Originally posted by fjm at North London Literary Festival at Middlesex University: March 27th-29th.
For a while, when playing make-believe as a child, I called myself Cat or Kat as on Catherine or Katherine.
I hated my name being shortened to Nat or Gnat (because that is one of the names that bullies called me at school). I have also always said that I would never give any daughter of mine the middle name that I have (because it was mum's middle name and her mum's, …) because it was yet another source for the bullies to use - a boy's name or surname but as the middle name for a girl Seymour is a cruel and awful punishment for nothing that I had yet to do! I have come to terms with that and am not going to be having any kids so I will not be passing on that pain.

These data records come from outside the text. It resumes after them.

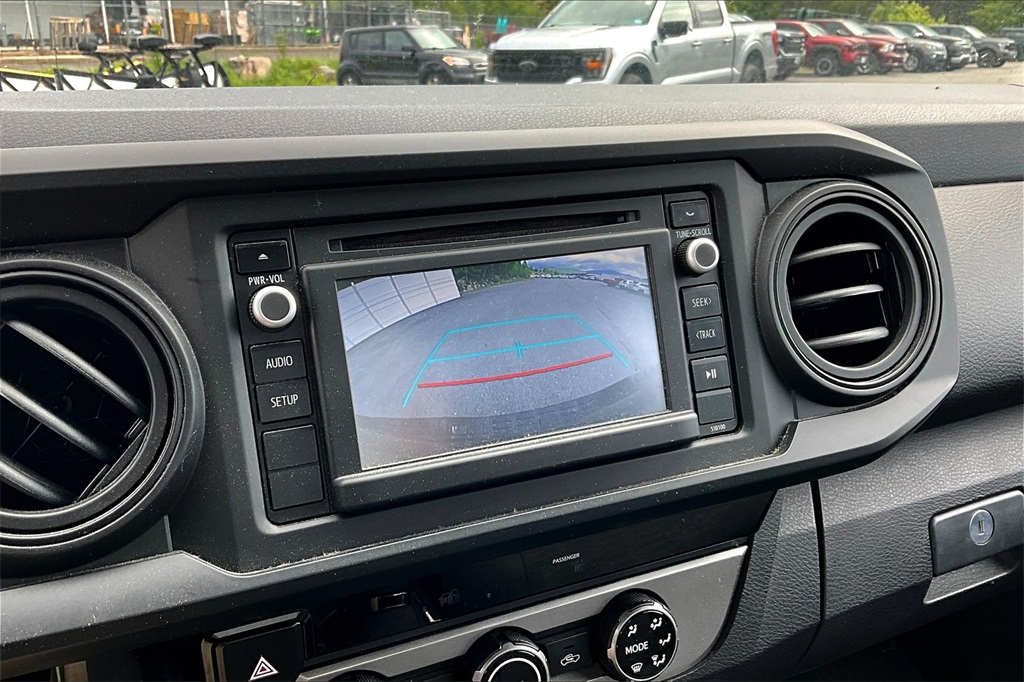 2017 Toyota Tacoma Access Cab 4x4 - Photo 9
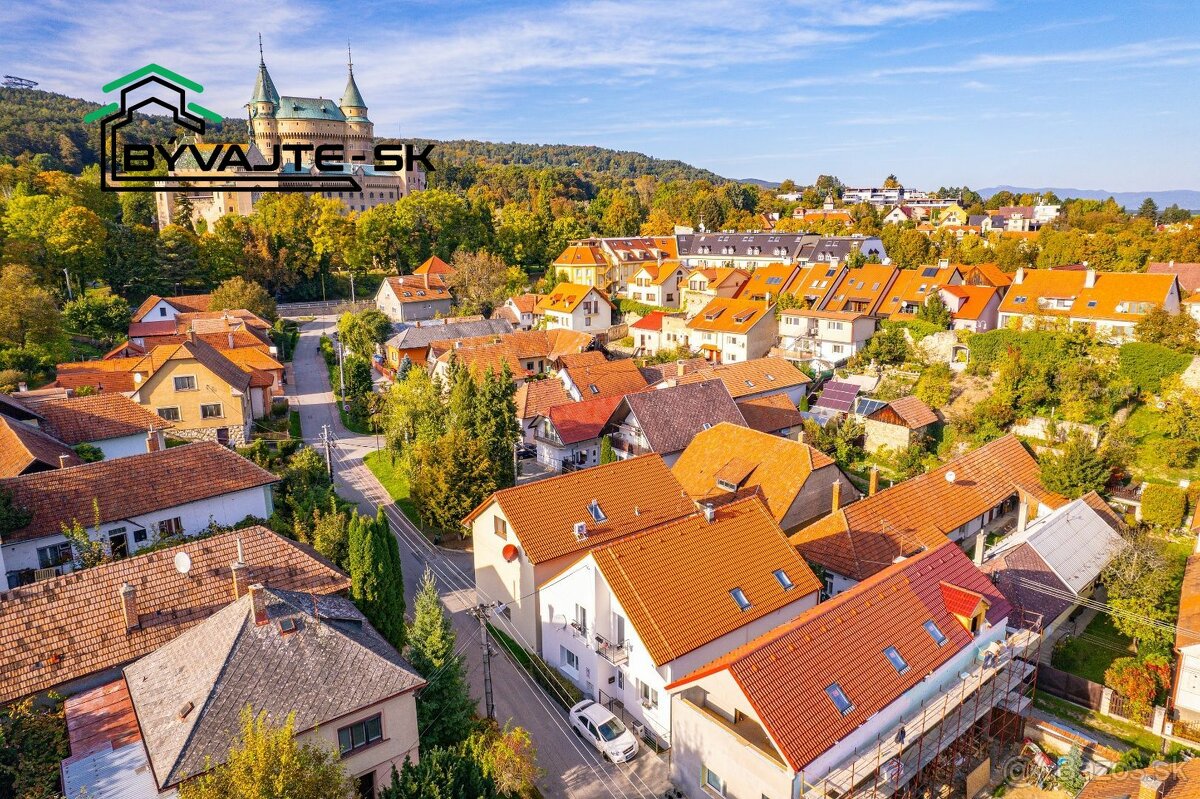 Bytová jednotka v rodinnom dome so záhradou v meste Bojnice.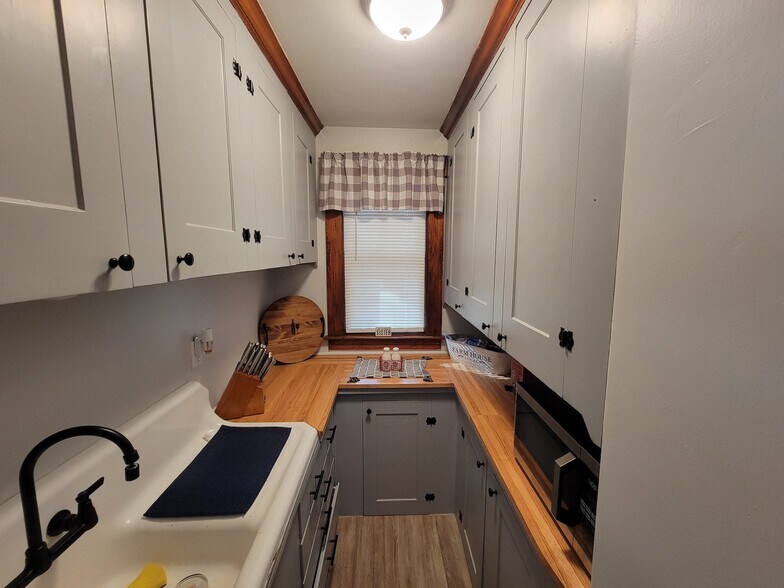 Building Photo - 73 Marquette St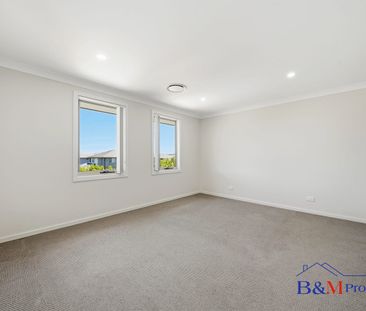 Your Palatial North Kellyville Sanctuary Awaits - Photo 6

My French teacher in the first year at the comprehensive (age eleven) used to tease me by spoonerising my first and last names. My surname back then was Fricker and so she used to call me Fratterly Knicker (Fratalie Nicker?) which stuck and was yet another source of inspiration and delight to the bullies. Yes, I was bullied mercilessly by children and some teachers from the time we moved to Horsham when I was seven. Mostly emotional and verbal because I would cry at the drop of a pin and, when the class girl-bully Claire H decided to call me out for a fight when we were fourteen, her phalanx of friends left her to it and I beat her. I was a nerd/geek/"square" but sporty/fit enough to hold my own in physical altercations.
I was always drawn to names that could be shortened to a male-sounding or unisex moniker. George for Georgina. Charlie for Charlotte. I knew from about the age of eight when I had my first girl-crush that I was not a girly-girl and became an out and out tomboy. I do sometimes wonder if I had been a teen/tween in more modern times I might have been able to find a more unisex identity for myself. Ah well, we are the product of our times.
So, this has been a long ramble that basically says I would rather have been called anything that could be shortened to a more male or unisex name, that I hated my surname until I could change it by getting married (whilst being able to keep my surname-initial and so my natalief online-almost-everywhere nickname) and that I would not wish my middle name on my worst female enemy!